Data for review =
BEGIN

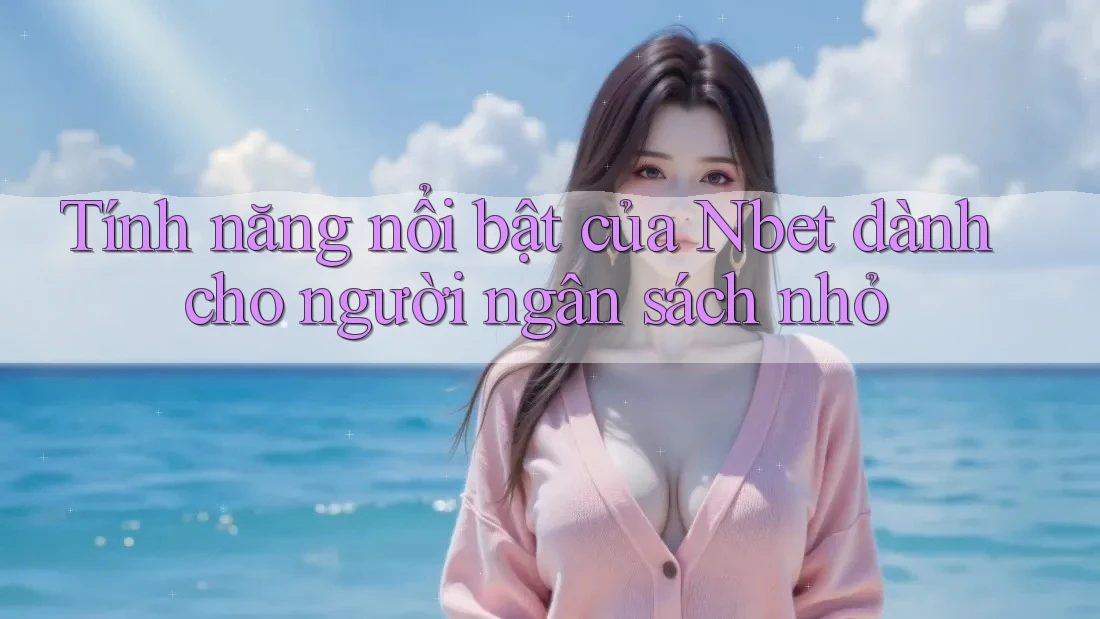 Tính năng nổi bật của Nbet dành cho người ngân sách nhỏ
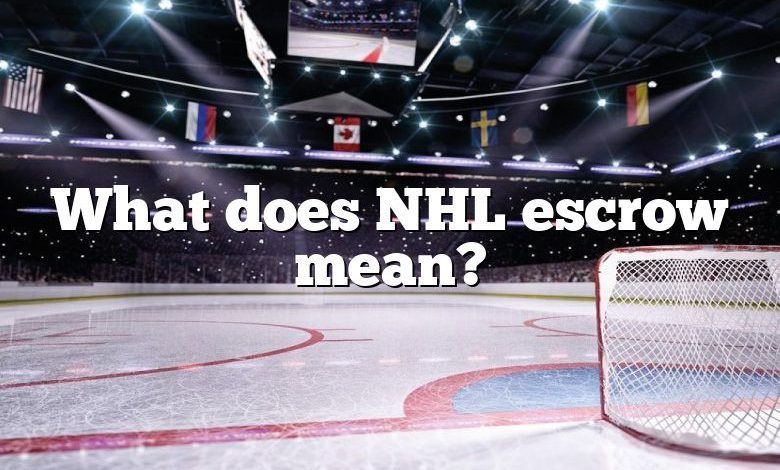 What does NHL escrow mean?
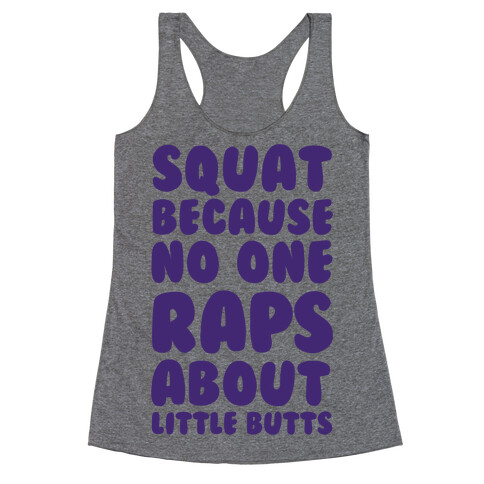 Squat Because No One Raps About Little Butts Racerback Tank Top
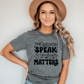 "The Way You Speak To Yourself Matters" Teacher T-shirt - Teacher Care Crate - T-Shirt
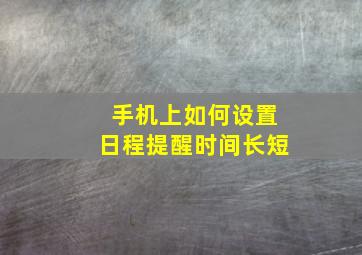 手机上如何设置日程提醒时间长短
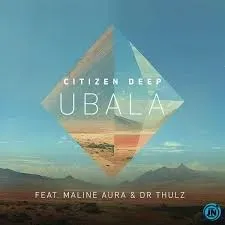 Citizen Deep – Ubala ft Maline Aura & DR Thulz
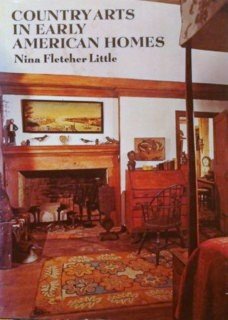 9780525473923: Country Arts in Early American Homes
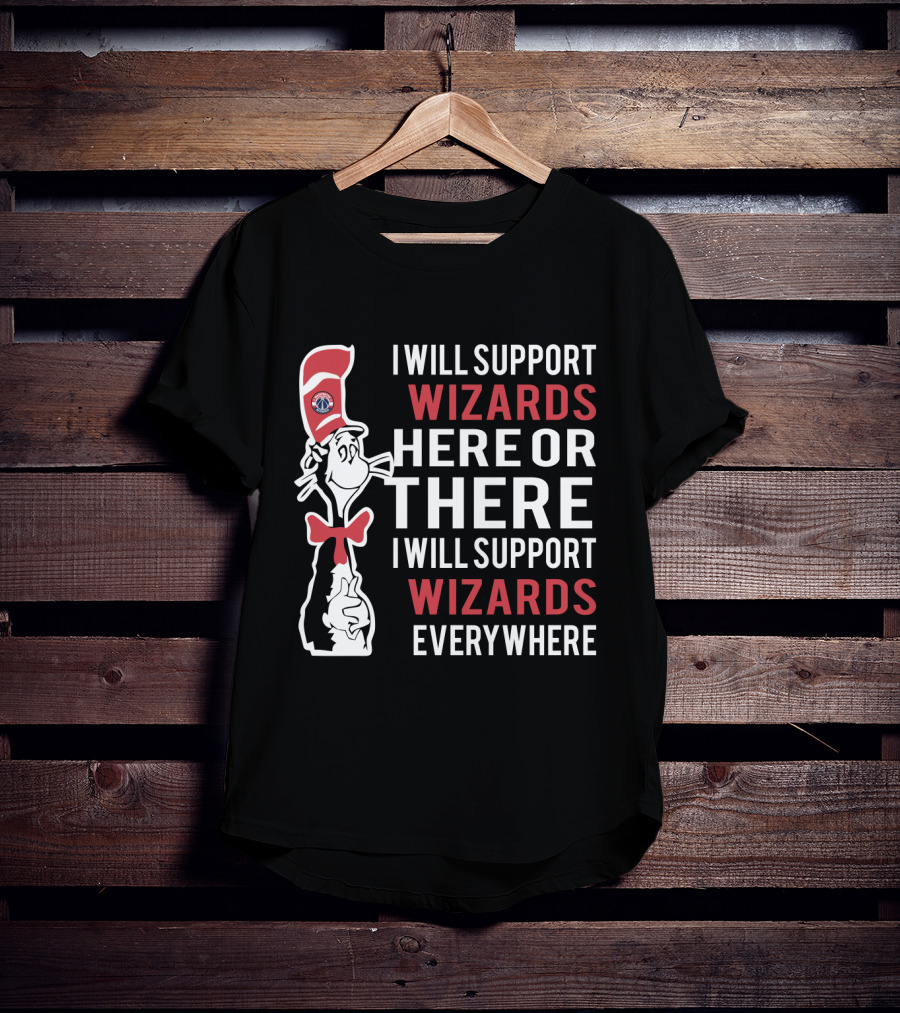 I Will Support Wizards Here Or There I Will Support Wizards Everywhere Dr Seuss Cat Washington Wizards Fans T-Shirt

END

Pictures aside, print every line of the material exactly.

 Tính năng nổi bật của Nbet dành cho người ngân sách nhỏ
 What does NHL escrow mean?
 Squat Because No One Raps About Little Butts Racerback Tank Top
 "The Way You Speak To Yourself Matters" Teacher T-shirt - Teacher Care Crate - T-Shirt
 手机上如何设置日程提醒时间长短
 Citizen Deep – Ubala ft Maline Aura & DR Thulz
 9780525473923: Country Arts in Early American Homes
 I Will Support Wizards Here Or There I Will Support Wizards Everywhere Dr Seuss Cat Washington Wizards Fans T-Shirt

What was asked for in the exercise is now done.